This creates our tutorialasi.mallet file which will help us run our topic models. Let’s input this file and create a topic model. ./bin/mallet train-topics --input tutorialasi.mallet --num-topics 20 --optimize-interval 20 --output-state topic-state.gz --output-topic-keys tutorialasi_20_keys.txt --output-doc-topics tutorialasi_20_composition.txt

This code tells MALLET to create a topic model (train-topics) with twenty topics. Every other command that includes two dashes in front makes the command more specific.

Here's what the command does:

opens your tutorialasi.mallet file
trains MALLET to find 20 topics
outputs every word in your corpus of materials and the topic it belongs to into a compressed file (.gz; see www.gzip.org on how to unzip this)
outputs a text document showing you what the top key words are for each topic (tutorialasi_20_keys.txt)
Optimize-interval gives you an indication of the weight of a topic. The higher the number, the more significant that topic is within the entire topic model. It outputs a text file indicating the breakdown, by percentage, of each topic within each original text file you imported (tutorialasi_composition.txt). (You can see the full range of parameters by typing bin\mallet train-topics –help at the prompt.

Open your tutorialasi_20_keys file. This file has the top keywords in each topic. Read each of the topics.

Figure X: Topic model of twenty topics of our dataset.

Following the general practice of the digital humanities, the right number of topics for a given topic model would be when each of the topics makes sense, and when each topic expresses its own unit of information (i.e. there are no overlapping topics or topics too general to make sense). Following this logic, how does our first topic model look?

Because the LDA algorithm can only understand what words co-occur, and not what makes sense to a human reader, these topics may not look like much yet. But we know a lot from our first topic model.

We know that, out of 151 files in a corpus of First Person Narratives of the American South, significant topics include:

Slavery (i.e. topics 4, 9, 19)
Armed Forces (i.e. topics 6, 7, 12, 14).
Religion (i.e. topic 10)
Love (i.e. topic 1)

It’s typical in digital humanities for the researcher to assign a label that describes the topic, which is what we have done above.

We also know that, within the First Person Narratives of the American South, oral dialect is important (i.e. topic 18).
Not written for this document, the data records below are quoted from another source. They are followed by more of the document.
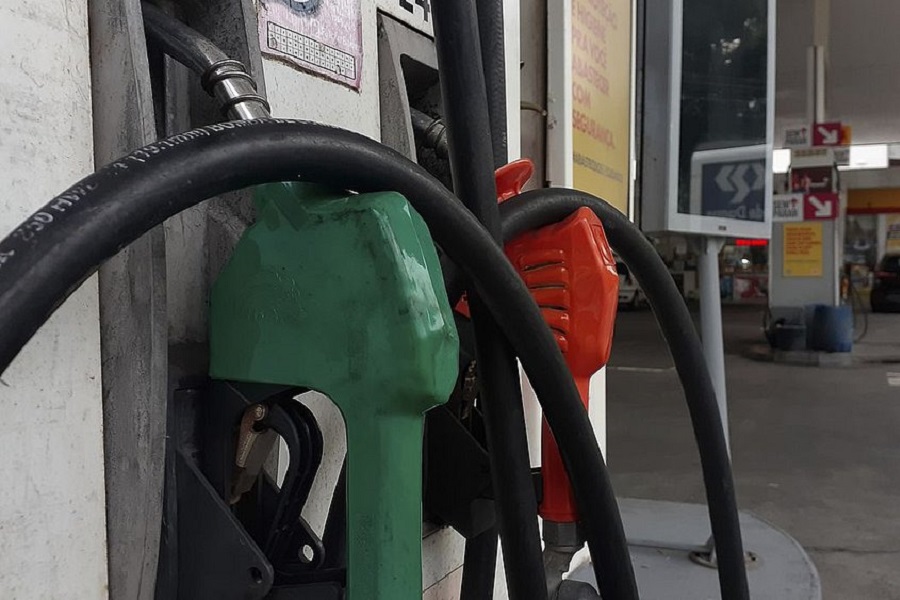 Reajuste no preço da gasolina preocupa e deixa baianos indignados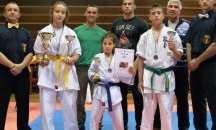 Със злато и бронз се завърнаха каратистите на Приморско от шампионат в Шумен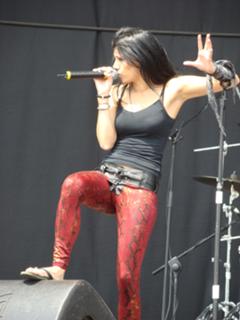 Lauren Harris feet photo 10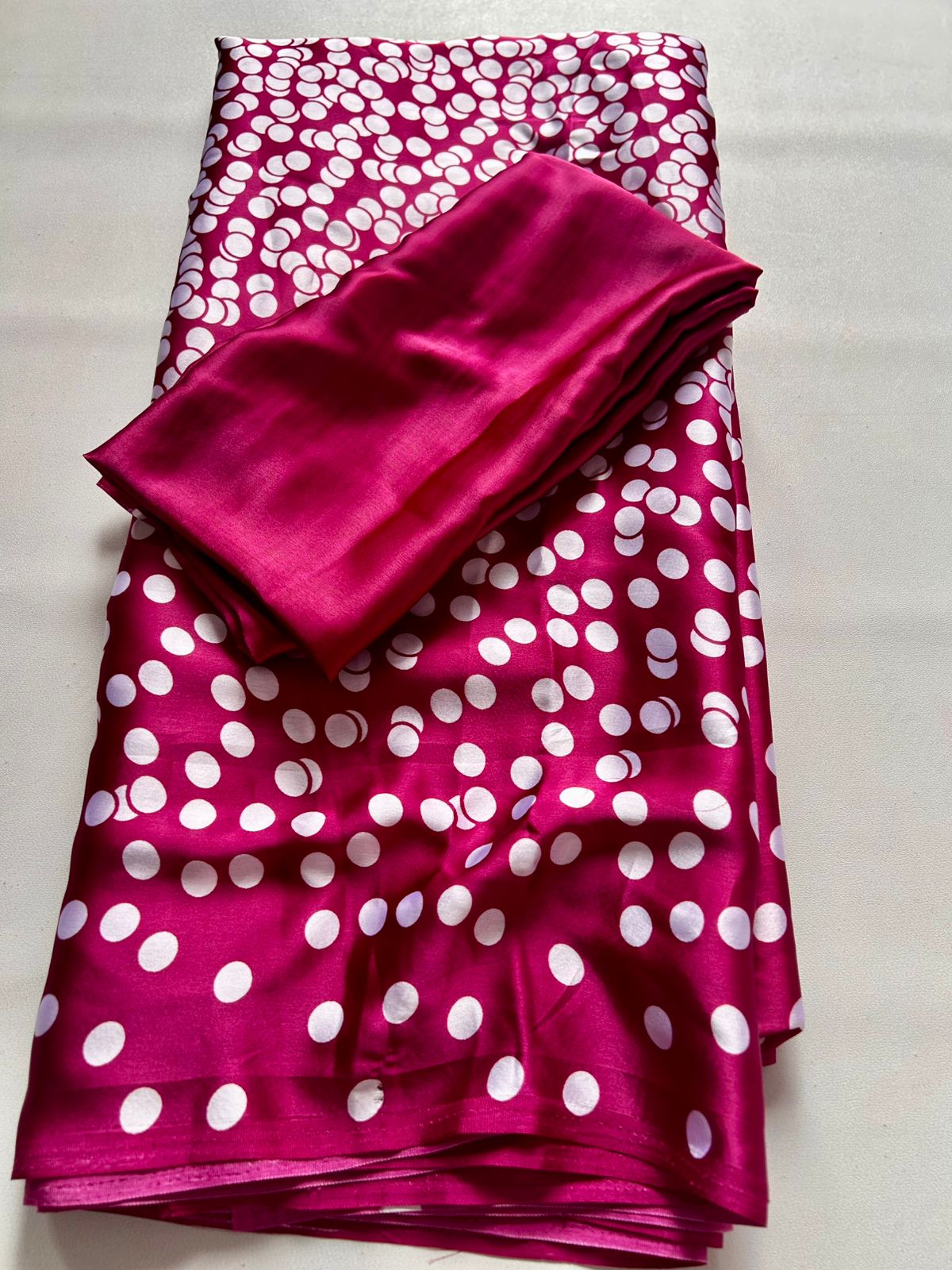 New Partywear Satin Silk With Bhandhni Print Satin Border With Fancy Contrast Blouse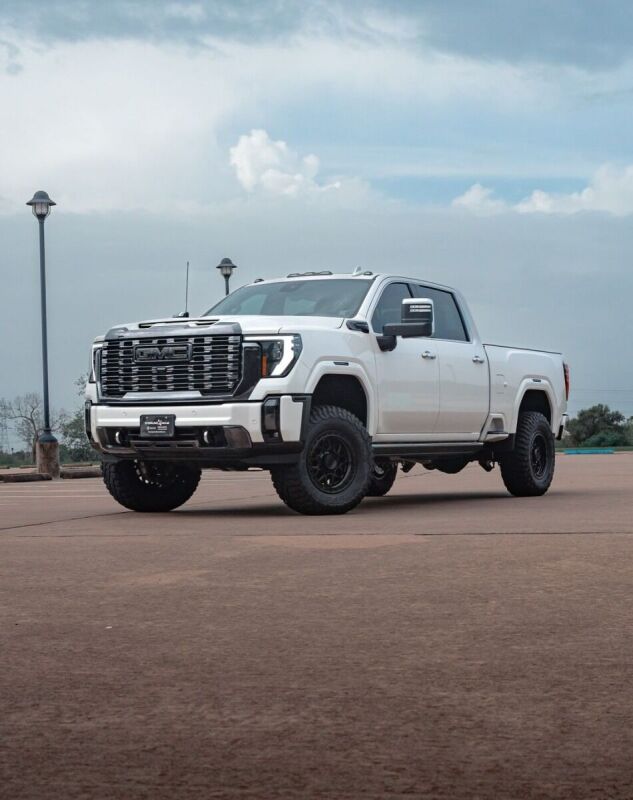 COG Leveling Kit - Performance - Cognito 01-13 Chevy/GMC Silv/Sierra 2500/3500 HD 2WD/4WD 3in Perf Leveling Kit w/ Fox PS 2.0 IFP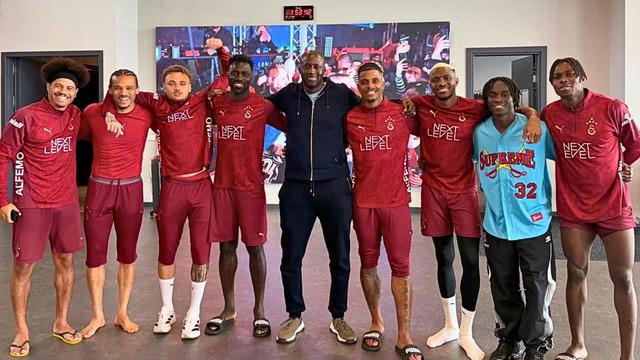 Yaya Toure Galatasaray'ı Ziyaret Etti!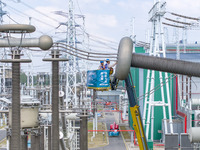 Maintenance personnel carry out a comprehensive overhaul of equipment at the annual maintenance site of the 800 kV Huai'an Converter station...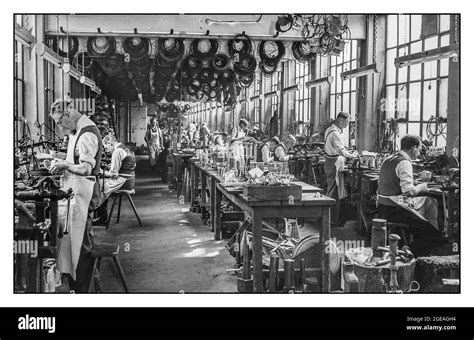 Silversmiths At Work In Sheffield In The 1900s Hi Res Stock Photography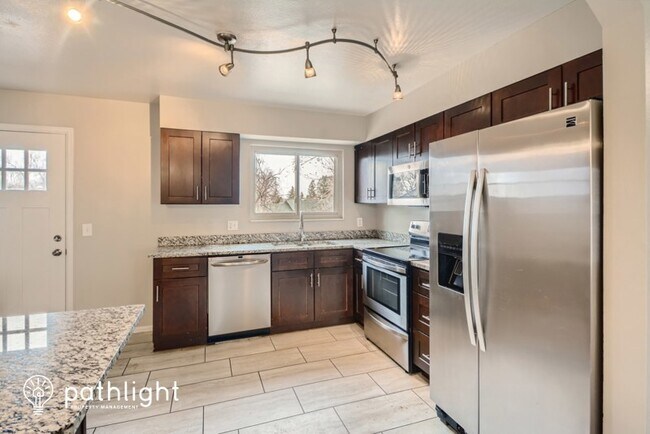 Building Photo - 16571 E Villanova Pl
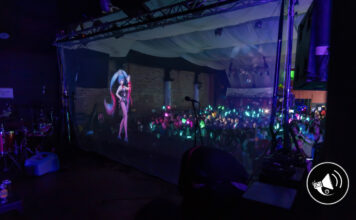 Otauniverse Live Experience: Conoce cómo llegan los conciertos de Vocaloid al público chileno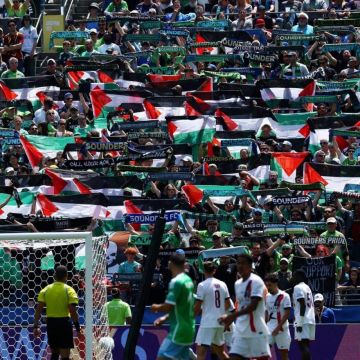 العلم الفلسطيني يتصدر المشهد في بطولة كأس العالم للأندية العلم الفلسطيني يتصدر المشهد في بطولة كأس العالم للأندية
We can also make some interesting observations. For example, it’s interesting that the word “blackford” is a significant enough word to appear in topic 13. Blackford is the name of a slave-owning family, and John Blackford published “Ferry Hill Plantation Journal: January 4, 1938-January 15, 1839,” a work that is part of the First-Persons corpus.

What we also know, however, is that some of our topics do not really make sense. For example, topic 3 is seemingly about family and friends, but also about religion:

3 0.46577 meeting friends life years family thomas mind society good attended father love spirit children divine religious god subject year house

It’s hard to assign a clear label to this topic yet. Topic 8, as well, seems a bit too broad to assign a label.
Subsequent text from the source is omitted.